One evening, the Mariner notices some beautiful water snakes dancing on the sea. Watching them move, he is filled with immense happiness and he blesses them without meaning to. Able to pray again, the dead albatross falls from the Mariner’s neck and into the sea. The curse is broken, and the Mariner is able to fall asleep. He dreams of water and when he wakes it’s raining. The Mariner drinks and drinks. The dead sailors come back to life, reanimated by angels. Still unable to speak, the sailors begin to sail the ship. When they reach the equator, the ship suddenly lurches, and the Mariner falls and loses consciousness.
As he lies there, dazed, he hears two voices discussing his sin and punishment. They say that the albatross was loved by a spirit and that the Mariner will continue to serve. When the Mariner wakes, up the voices have gone, but he sees the dead sailors, together, cursing him with their eyes. Suddenly, they disappear, too. Despite this, the Mariner knows that he will always be haunted by them.
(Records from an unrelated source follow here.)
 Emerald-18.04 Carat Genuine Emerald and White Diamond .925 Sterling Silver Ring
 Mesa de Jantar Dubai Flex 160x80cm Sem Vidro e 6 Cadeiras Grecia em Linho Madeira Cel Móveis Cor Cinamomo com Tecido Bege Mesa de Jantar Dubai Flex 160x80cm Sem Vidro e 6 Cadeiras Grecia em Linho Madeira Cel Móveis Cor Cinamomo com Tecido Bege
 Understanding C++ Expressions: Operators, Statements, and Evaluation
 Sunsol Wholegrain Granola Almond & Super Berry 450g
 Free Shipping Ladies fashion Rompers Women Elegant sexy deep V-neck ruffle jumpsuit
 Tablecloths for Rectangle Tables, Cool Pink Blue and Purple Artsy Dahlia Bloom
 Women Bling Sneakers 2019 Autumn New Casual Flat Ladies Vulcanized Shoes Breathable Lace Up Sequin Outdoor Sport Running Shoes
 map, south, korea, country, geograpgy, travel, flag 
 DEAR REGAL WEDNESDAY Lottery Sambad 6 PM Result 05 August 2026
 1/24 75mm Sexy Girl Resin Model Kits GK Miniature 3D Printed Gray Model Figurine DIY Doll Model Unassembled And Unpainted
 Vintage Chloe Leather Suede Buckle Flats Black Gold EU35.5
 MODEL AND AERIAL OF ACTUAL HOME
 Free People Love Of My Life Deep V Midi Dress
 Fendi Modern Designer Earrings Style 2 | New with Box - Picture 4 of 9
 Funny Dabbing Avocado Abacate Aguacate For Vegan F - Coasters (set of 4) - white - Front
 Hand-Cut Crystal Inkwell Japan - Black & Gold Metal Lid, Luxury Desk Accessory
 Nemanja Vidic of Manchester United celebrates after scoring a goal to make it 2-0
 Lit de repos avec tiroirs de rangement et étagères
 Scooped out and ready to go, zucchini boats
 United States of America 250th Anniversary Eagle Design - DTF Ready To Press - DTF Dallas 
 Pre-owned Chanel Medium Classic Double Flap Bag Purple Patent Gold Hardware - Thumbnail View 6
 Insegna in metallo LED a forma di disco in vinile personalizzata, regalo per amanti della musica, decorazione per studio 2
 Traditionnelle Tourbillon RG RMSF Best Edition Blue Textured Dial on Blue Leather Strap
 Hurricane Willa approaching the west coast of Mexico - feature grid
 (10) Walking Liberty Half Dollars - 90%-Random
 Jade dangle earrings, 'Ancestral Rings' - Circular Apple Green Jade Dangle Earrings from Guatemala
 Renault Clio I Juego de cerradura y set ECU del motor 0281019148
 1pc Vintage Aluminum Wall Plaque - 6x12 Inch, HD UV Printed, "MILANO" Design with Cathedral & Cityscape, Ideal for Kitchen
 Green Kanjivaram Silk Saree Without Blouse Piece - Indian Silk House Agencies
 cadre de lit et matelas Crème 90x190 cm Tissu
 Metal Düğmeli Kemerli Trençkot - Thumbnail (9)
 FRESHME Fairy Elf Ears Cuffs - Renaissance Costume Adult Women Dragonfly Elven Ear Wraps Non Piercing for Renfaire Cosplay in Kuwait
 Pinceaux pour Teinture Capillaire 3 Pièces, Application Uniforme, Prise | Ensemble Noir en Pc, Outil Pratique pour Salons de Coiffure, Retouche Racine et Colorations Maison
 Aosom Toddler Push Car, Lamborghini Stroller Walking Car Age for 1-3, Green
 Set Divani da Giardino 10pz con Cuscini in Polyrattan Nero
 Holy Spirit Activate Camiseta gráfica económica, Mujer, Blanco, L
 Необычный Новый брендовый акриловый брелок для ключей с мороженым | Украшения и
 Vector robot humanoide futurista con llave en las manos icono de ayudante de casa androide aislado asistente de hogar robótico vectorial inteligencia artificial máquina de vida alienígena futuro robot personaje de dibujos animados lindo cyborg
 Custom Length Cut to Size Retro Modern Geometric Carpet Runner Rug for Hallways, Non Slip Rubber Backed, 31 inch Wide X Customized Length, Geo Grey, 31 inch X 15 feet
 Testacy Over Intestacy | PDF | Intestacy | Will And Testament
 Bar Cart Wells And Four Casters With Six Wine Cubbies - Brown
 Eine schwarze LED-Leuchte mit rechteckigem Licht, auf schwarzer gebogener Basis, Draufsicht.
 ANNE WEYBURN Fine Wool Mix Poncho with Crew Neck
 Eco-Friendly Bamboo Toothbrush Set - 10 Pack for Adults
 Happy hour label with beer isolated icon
The wind becomes stronger and it isn’t long before the Mariner sees his homeland in the distance. He also sees that there is a small rowboat approaching his ship. In it is a Pilot, his boy, and a Hermit. As the rowboat reaches the ship, a whirlpool starts to pull the ship down. The Pilot and the Hermit rescue the Mariner from the water and initially believe him dead. Frightened when the Mariner suddenly comes to, the Hermit asks him what kind of man he is. The Mariner is suddenly struck by an intense physical pain. After telling the Hermit what has happened to him, the pain disappears. The Mariner now knows of the continued punishment he must face for killing the albatross.
The Mariner explains to the Wedding Guest how the Mariner must travel the world, telling his story, and that he instinctively knows whom he must tell it to. Once it is told, he is relieved of his pain, until the next time he must tell the story. His final lesson to the Wedding Guest is that joining others in prayer is better than any party, and that the best way to connect with God is to love his creatures. The Mariner vanishes. Rather than joining his friends at the party, the Wedding Guest returns home. When he wakes up the following morning, he is a “sadder and…wiser” man for having heard the Mariner’s tale (28).